══ RECORDS SHOWN

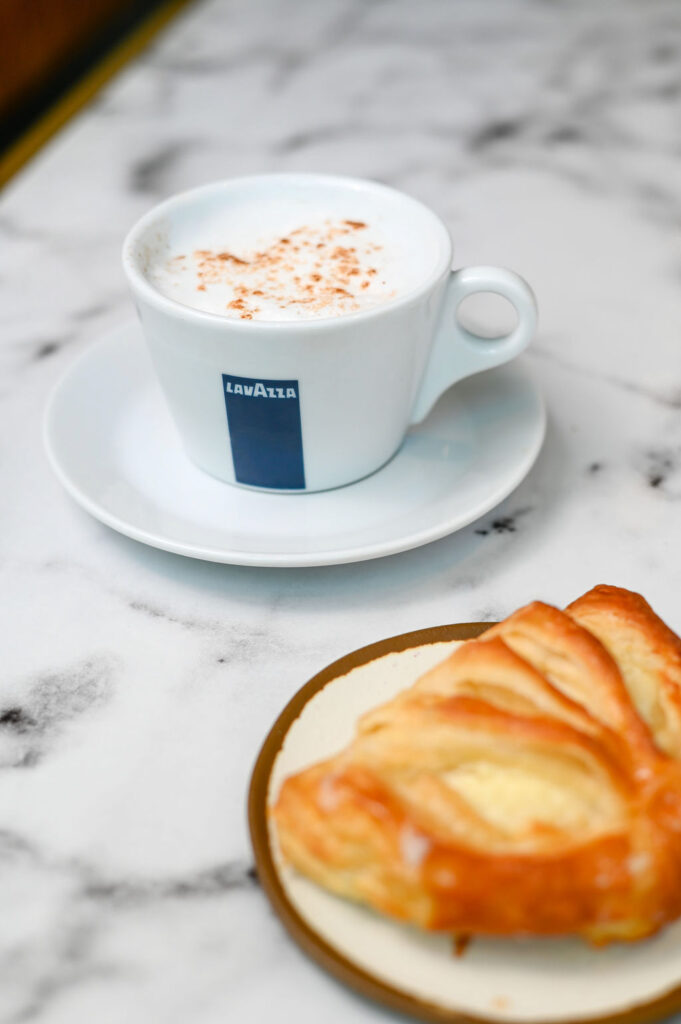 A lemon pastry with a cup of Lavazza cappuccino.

════
══ RECORDS SHOWN

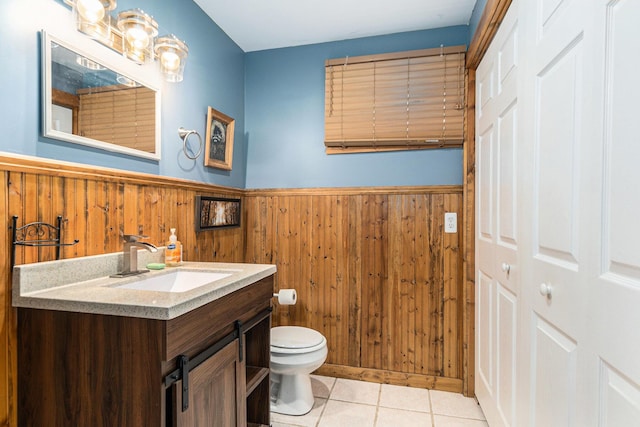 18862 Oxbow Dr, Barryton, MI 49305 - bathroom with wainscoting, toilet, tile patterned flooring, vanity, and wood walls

════
══ RECORDS SHOWN

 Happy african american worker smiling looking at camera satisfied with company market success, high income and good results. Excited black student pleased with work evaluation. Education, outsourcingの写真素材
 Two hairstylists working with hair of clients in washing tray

════

In the material above, locate the line containing "Happy african american" and the line containing "Two hairstylists working". Transcribe exactly those two lines and every line between them, and nothing more.

## TASK RESULT
 Happy african american worker smiling looking at camera satisfied with company market success, high income and good results. Excited black student pleased with work evaluation. Education, outsourcingの写真素材
 Two hairstylists working with hair of clients in washing tray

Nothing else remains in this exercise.